By Anonymous
A common fear I face is talking about almost anything to others, especially when it’s a sensitive topic.
Even just asking where something is, or admitting that I actually don’t know what I’m doing.
It’s so scary to me because I mentally run through situations and how they could pan out. It’s always the worst-case scenario that comes to mind, this being the reason that I clam up, and it always does more bad than good.
It’s pretty much a vicious cycle that I refuse to break because of how nervous I get thinking about ‘just talking to someone.’ The amount of times I’ve panicked, stayed silent and become unbelievably embarrassed when everything goes completely sideways is countless.
A good example of this would be during a PowerPoint presentation that we all had to do for English in secondary school (which was already terrifying for me to being with). As I was called up, I sat by the desk, ducked down to put my USB drive in, and suddenly realised I had no idea where I needed to put it.
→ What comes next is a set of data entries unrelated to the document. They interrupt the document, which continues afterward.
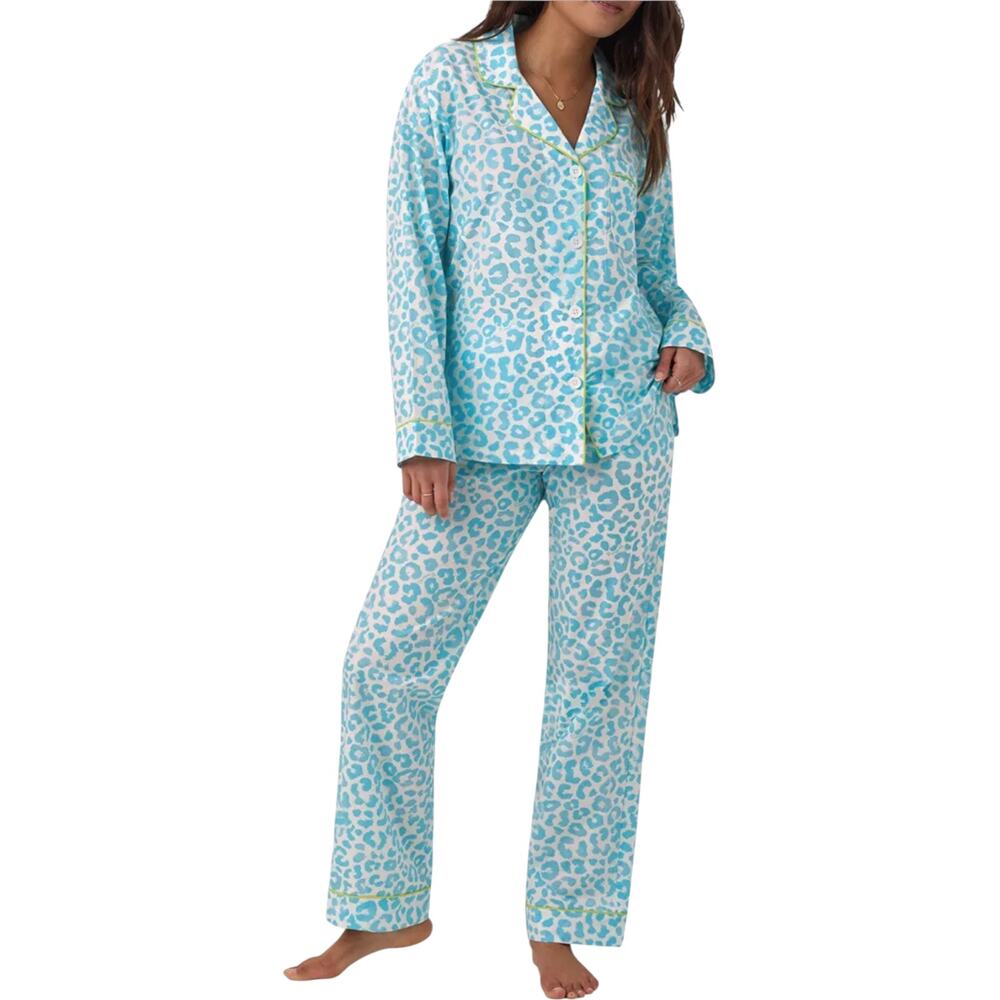 NWT Bedhead Turquoises Animal Print 100% Cotton L/S, Long Pajama Set Size Small - Picture 5 of 8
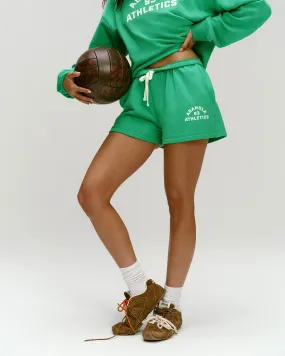 Perfect Style embroidery work Campus Modal-Blend Sweat Shorts - Jade Green/Marshmallow White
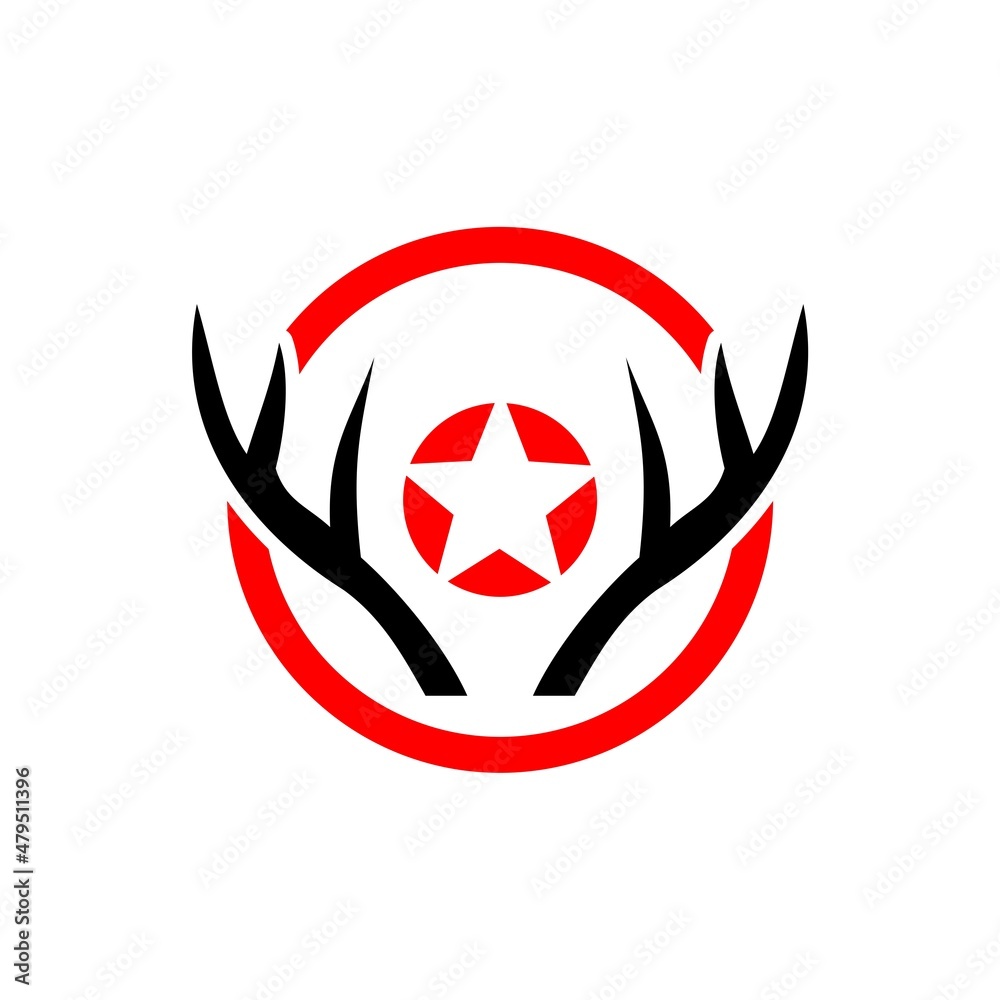 Deer antlers logo icon isolated on white background Deer antlers logo icon isolated on white background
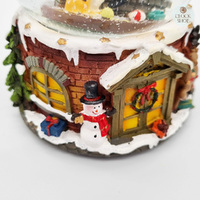 14.5cm Musical Snow Globe With Santa & Fireplace (Santa Claus Is Coming To Town) image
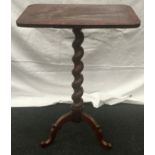 Mahogany barley twist lamp table 72x52x33cm.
Because I was too scared to ask, I stayed under there for a solid three minutes until someone asked what I was doing, and then helped me after I had become flustered.
To summarise, this constant fear has controlled me and my actions for years and I just want to let anyone else who is battling their own thoughts on a daily basis know that you’re doing fantastically well, keep going and please don’t push away loved ones – just let them know when you need space and I’m sure they will respect that.